*WHAT THE EXERCISE ASKS*: The entries are to be written out word for word, with their images left out.

(Captioned web image data)
· · · · ·

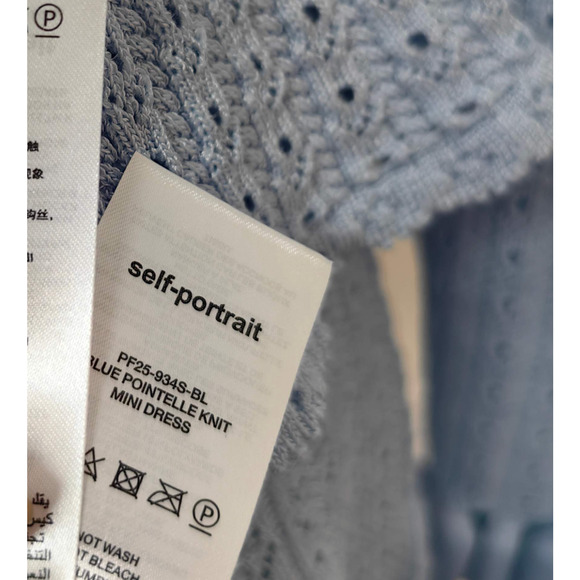 Self-Portrait Blue Pointelle Knit Mini Dress L - Picture 12 of 12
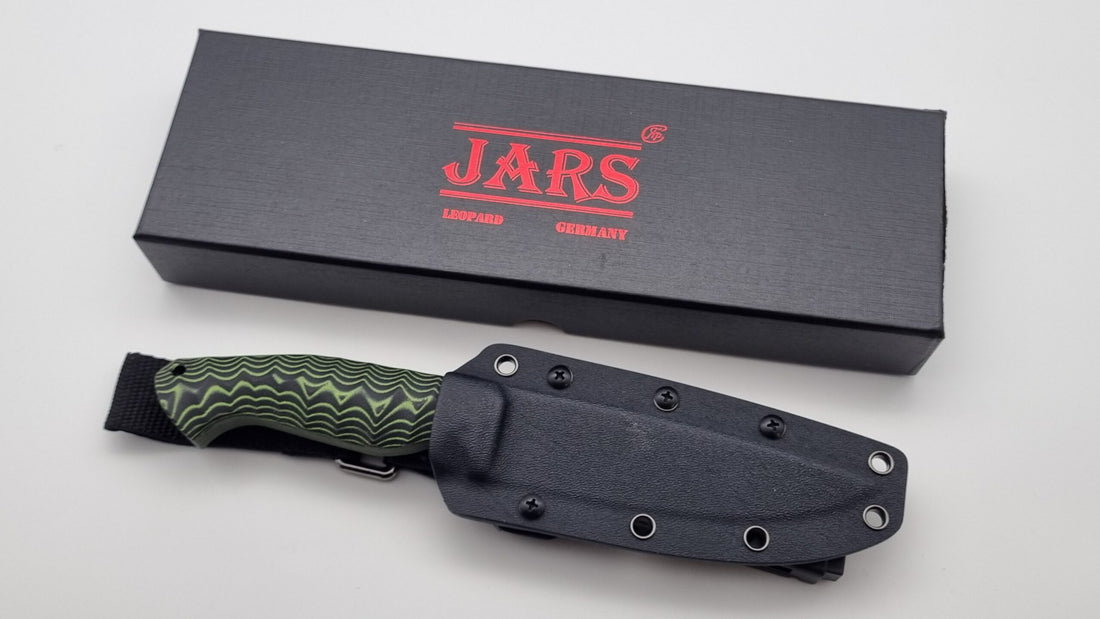 Leopard JARS Jagd Outdoor Messer N690 60HRC    Neon/Black Micarta Kydex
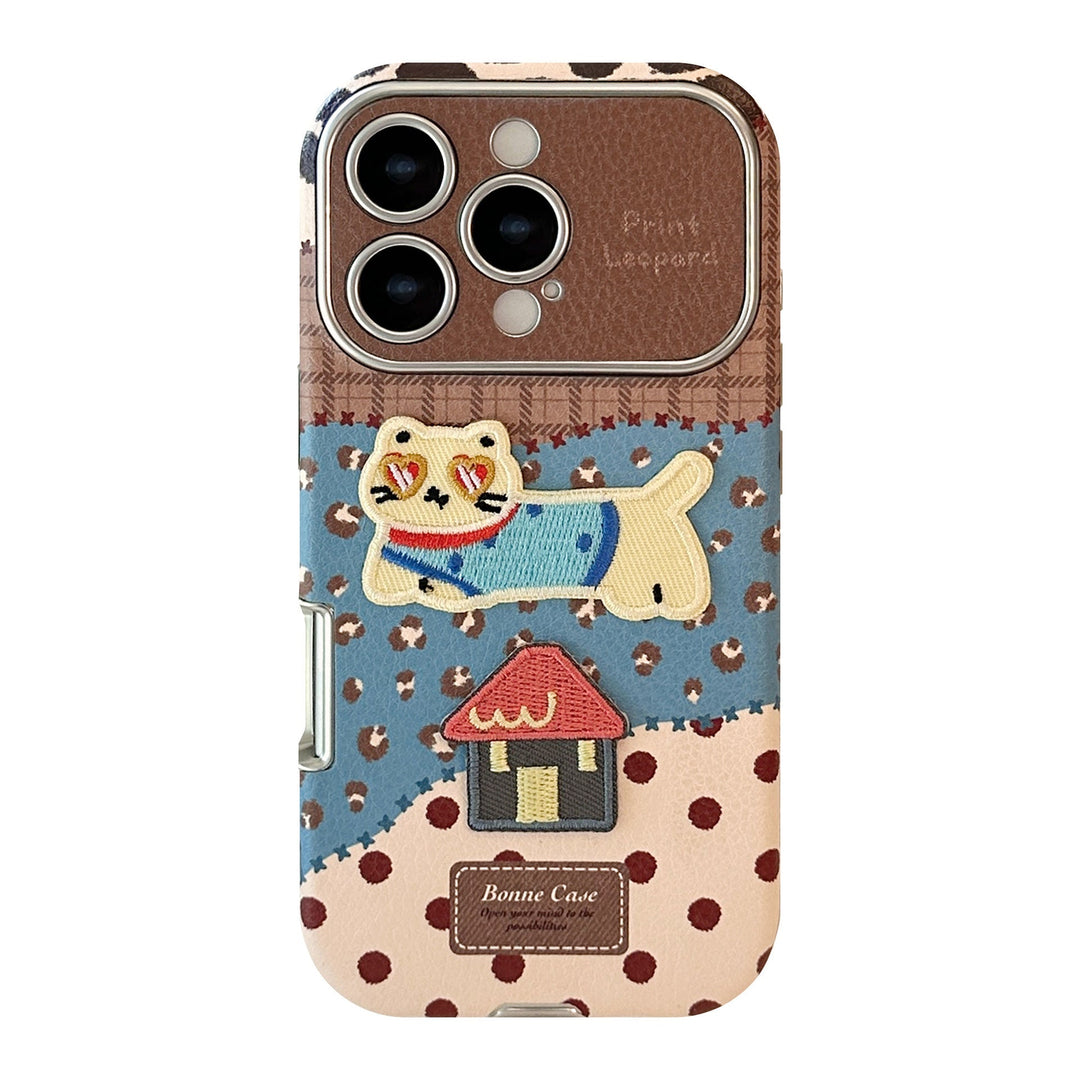 Funda de leopardo para iPhone 17 Pro Max, carcasa para Apple 16, antigolpes 15, de piel retro, dibujos animados 12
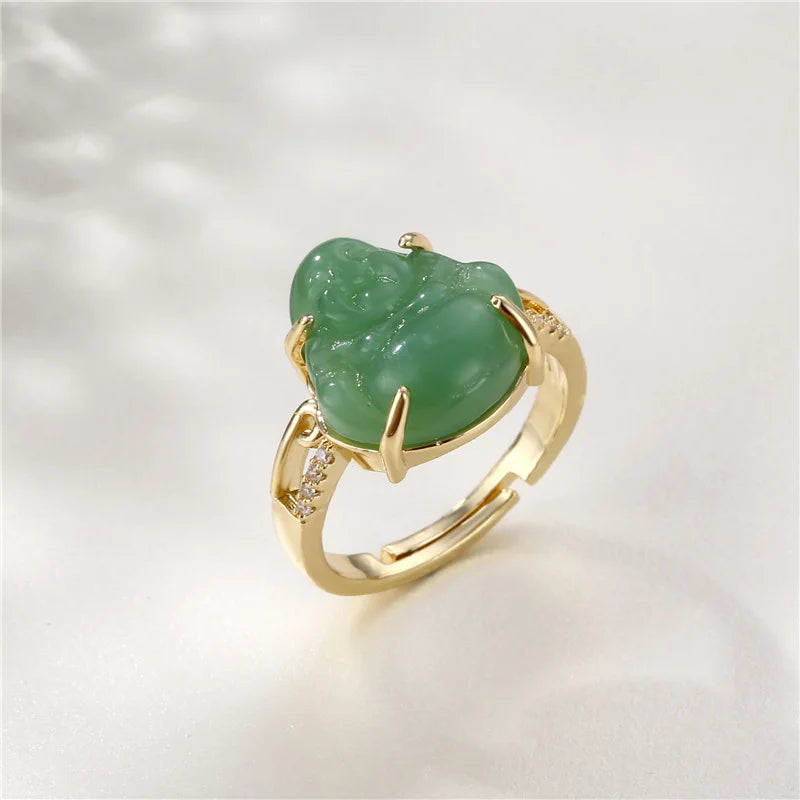 Maitreya Buddha Natural Jade Ring – Adjustable Unisex Natural Stone Ring Qme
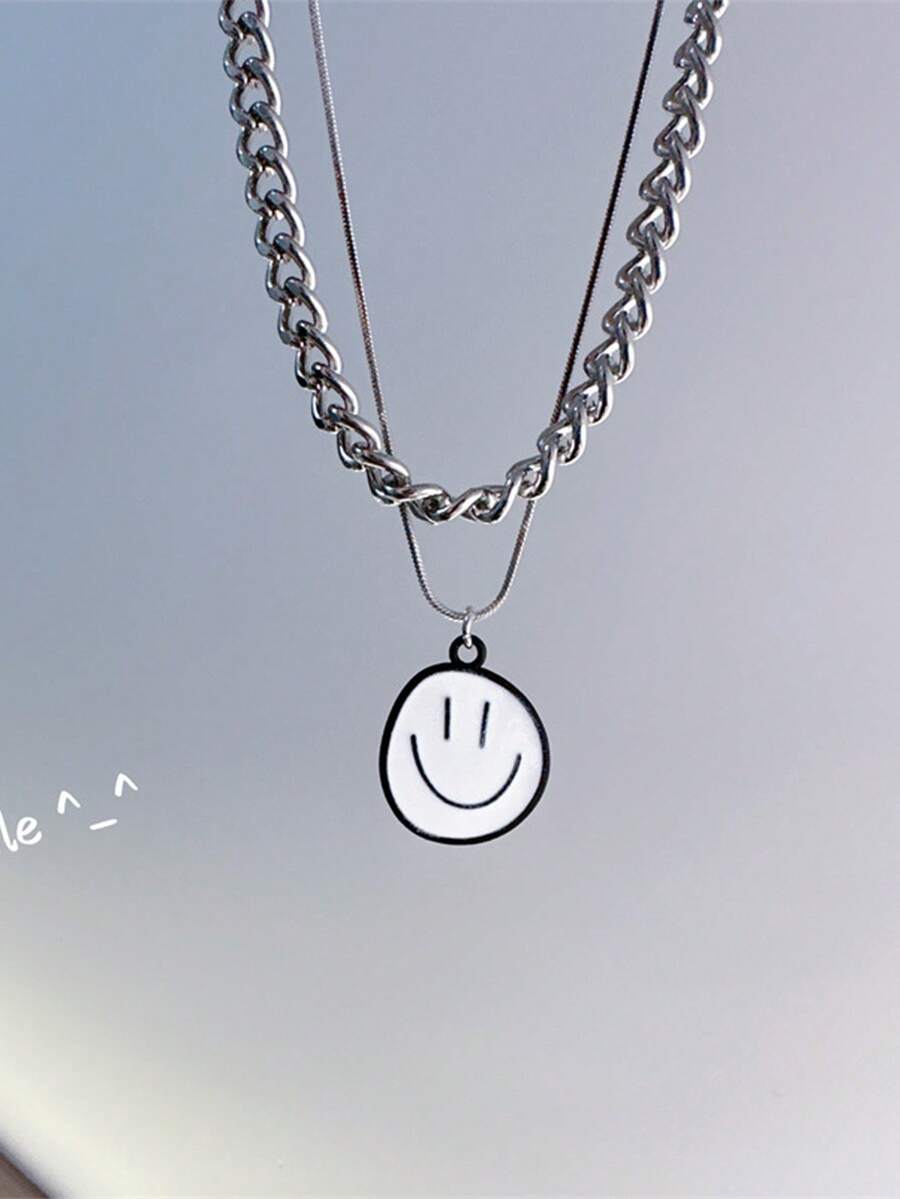 Expression Detail Round Charm Layered Necklace - Silver - View 1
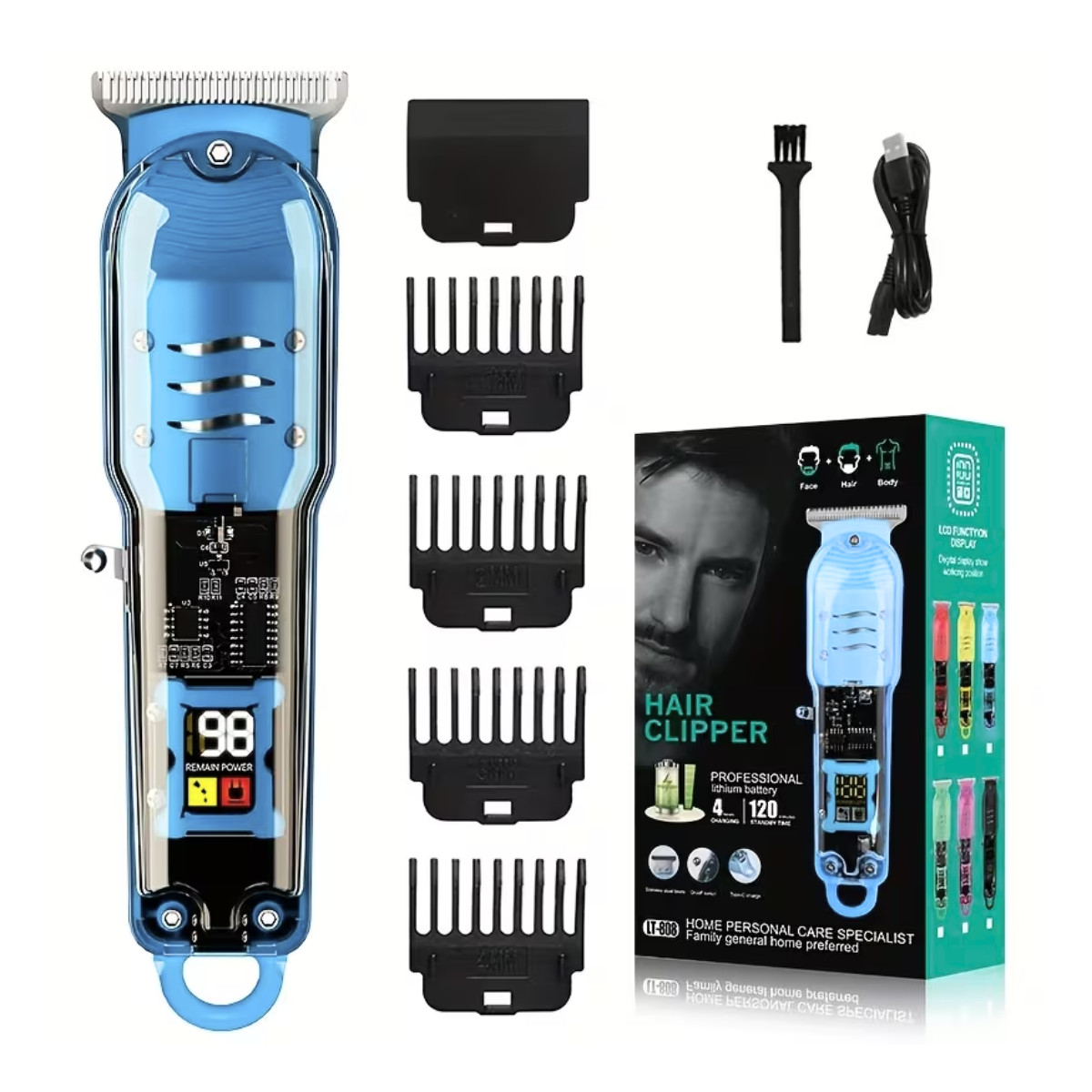 NEW – LCD RECHARGEABLE HAIR CLIPPERS SMART PORTABLE HAIR TRIMMER – BABY BLUE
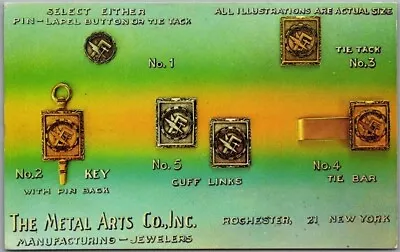 1950s ROCHESTER NY Advertising Postcard THE METAL ARTS CO. Pins / Cuff Links • $3.75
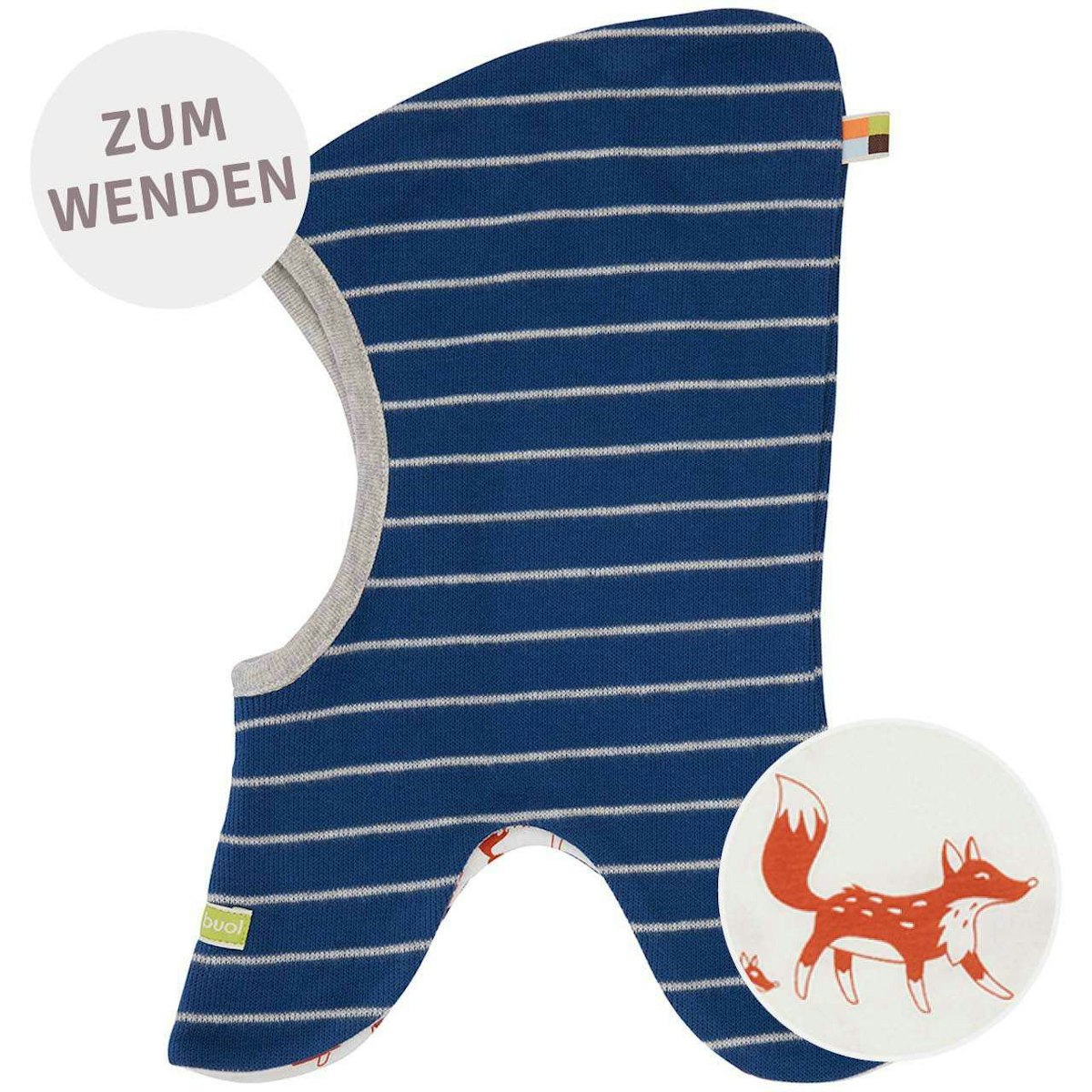 Wende Fahrradhelm Mütze marine gestreift 62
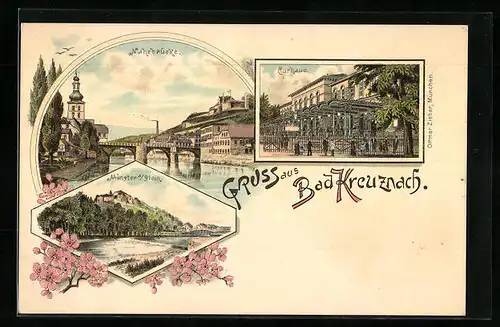 Lithographie Bad Kreuznach, Curhaus, Nahebrücke, Münster a/Stein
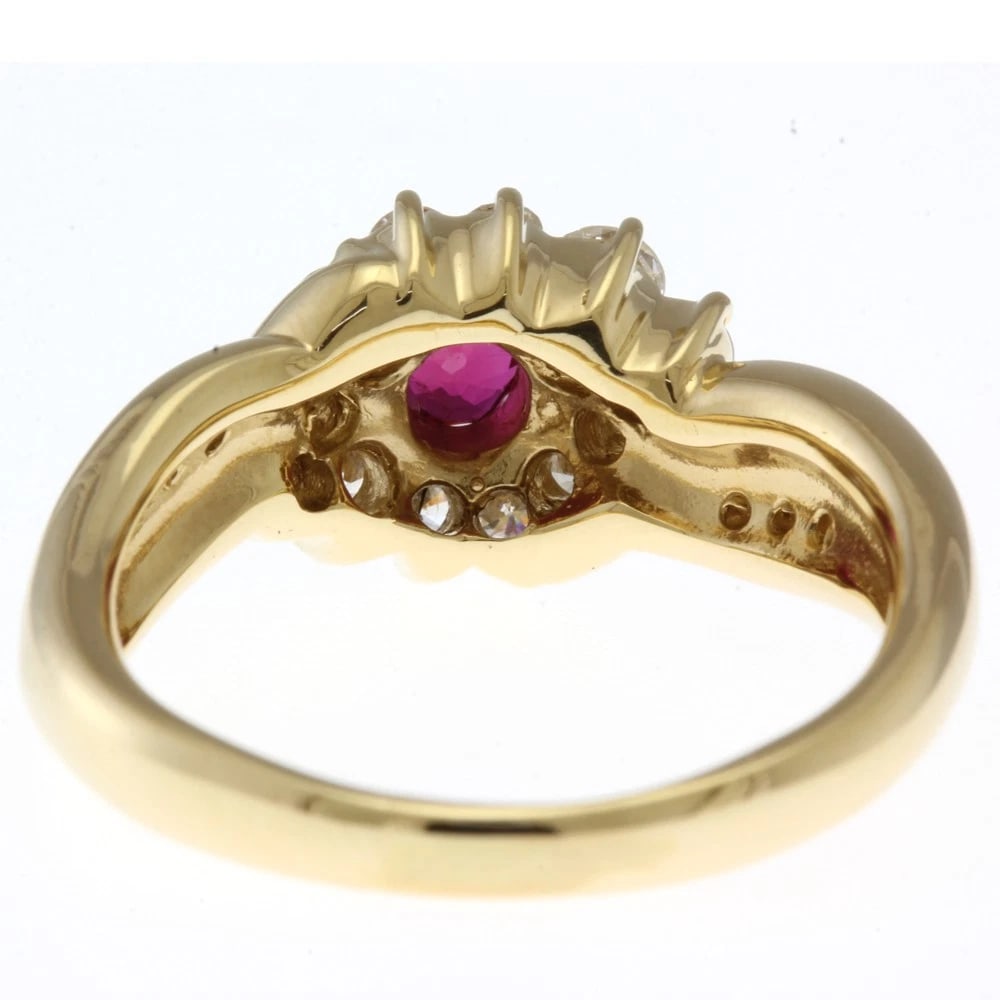 RING K18 YELLOW GOLD RUBY - 4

· · · · ·

*EXPECTED ANSWER*:
 Self-Portrait Blue Pointelle Knit Mini Dress L - Picture 12 of 12
 Leopard JARS Jagd Outdoor Messer N690 60HRC    Neon/Black Micarta Kydex
 Funda de leopardo para iPhone 17 Pro Max, carcasa para Apple 16, antigolpes 15, de piel retro, dibujos animados 12
 Maitreya Buddha Natural Jade Ring – Adjustable Unisex Natural Stone Ring Qme
 Expression Detail Round Charm Layered Necklace - Silver - View 1
 NEW – LCD RECHARGEABLE HAIR CLIPPERS SMART PORTABLE HAIR TRIMMER – BABY BLUE
 1950s ROCHESTER NY Advertising Postcard THE METAL ARTS CO. Pins / Cuff Links • $3.75
 Wende Fahrradhelm Mütze marine gestreift 62
 Lithographie Bad Kreuznach, Curhaus, Nahebrücke, Münster a/Stein
 RING K18 YELLOW GOLD RUBY - 4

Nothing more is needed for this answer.